ゾルゲ事件についての本を初めて読んでみた。
「国際スパイ ゾルゲの真実」(NHK取材班 下斗米伸夫 1992)
ソ連崩壊後の1991年に取材、放送されたNHKの番組の1992年の角川文庫版。108円で購入。
ゾルゲ事件については以前から関心があったので、手軽な1冊かと思って手に取った。
リヒャルト・ゾルゲという名前は日本人にとってぞわぞわ~っとする恐ろしい名前。日本人からすると、こいつのおかげでどれだけの日本人が人生を狂わされたか…。
ドイツ人石油精製技師とロシア人の母親の間にアゼルバイジャン・バクーで生まれる。ドイツで裕福な少年時代を過ごし、第1大戦に従軍、3度の負傷で療養中にマルクス主義に目覚め、ドイツ共産党へ入党しモスクワへ。歴史、政治、経済、中国の専門家。
上海でアグネス・スメドレー女史や尾崎秀実と知り合う。ナチ党員資格を得て偽装。そして日本へジャーナリストとして入国。
ゾルゲはドイツ大使館から、尾崎は近衛側近グループから国家の重要機密を得てモスクワに連絡したスパイ。豊富な日本知識によって情報を分析し独自の判断ができた。
酒好きで人間的に魅力があったらしく、駐日独大使とも親交を結ぶ。
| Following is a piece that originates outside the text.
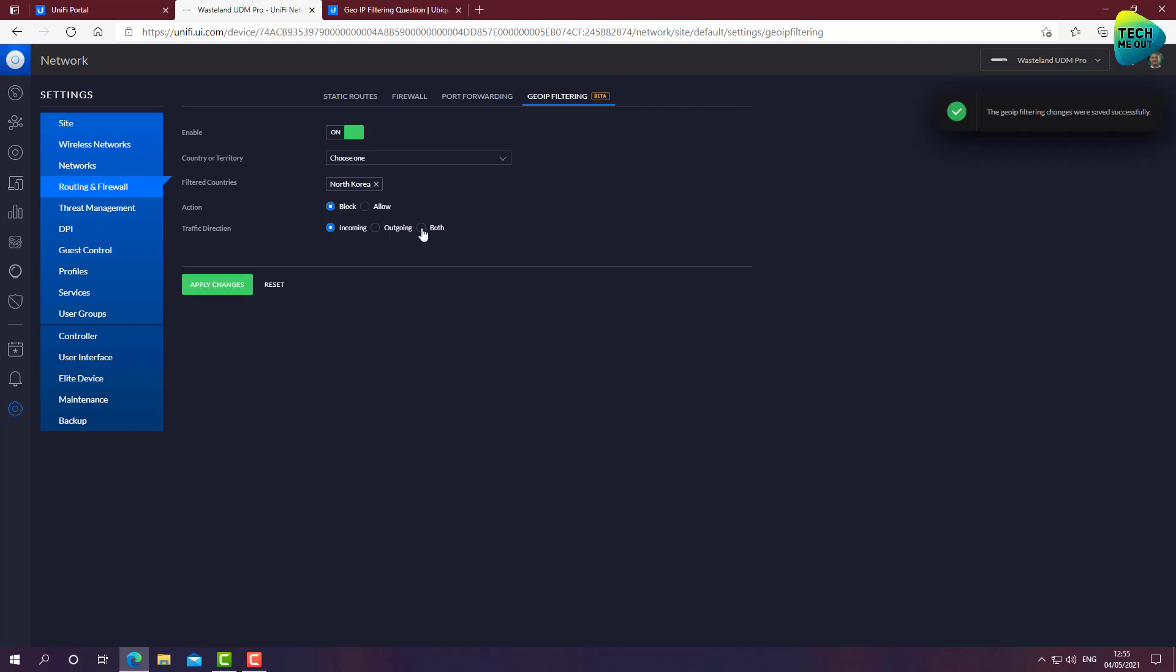By the way, if you select both, this means that even websites hosted on these countries will also be blocked. So for example, if you selected the Netherlands and you block both, even websites on the Netherlands that are hosted on the Netherlands, that have the Netherlands IP address, they will be blocked. If you just select the incoming, so websites in the Netherlands will be open for you to browse, but incoming traffic will be blocked. So again, these are the small minor differences between the toggles. So you decide on your own what is the best scenario for you.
ナチスから「経歴がうさんくさい」と疑われて派遣されたゲシュタポとも仲良くなるw
独ソ不可侵条約に安心しきっていたスターリンを欺いたバルバロッサ作戦の脅威と開戦時期、日本が独ソ戦には日和見を決め込み当分対ソ参戦しない、などの日本人も知らなかった決定的重要スクープ情報をモスクワに伝えた。
だが、この本を読んで、スターリンは本当にサイテーなドイヒー野郎だってことを一番に感じた。
独ソ開戦初期の絶体絶命ぶりはスターリンがゾルゲからの電文(ラムゼイ報告)を「信用できない」と無視したから。そのせいでソ連は多くの兵士と戦力を失った。ソビエト市民にとってもスターリンは超無能野郎。
ソ連は極東で日本の対ソ参戦がないという情報のおかげで20個師団を西部戦線に移動できた。結果、対ドイツ戦に勝てた。
近衛内閣が総辞職した翌日にゾルゲは逮捕。そして、スターリンはゾルゲを見捨てた。
日本政府は非公式にソ連と接触。ゾルゲの件で対米和平交渉のカードにできないか探りを入れたのだが無視されたために、ゾルゲと尾崎はあてつけで1944年の革命記念日に死刑執行…。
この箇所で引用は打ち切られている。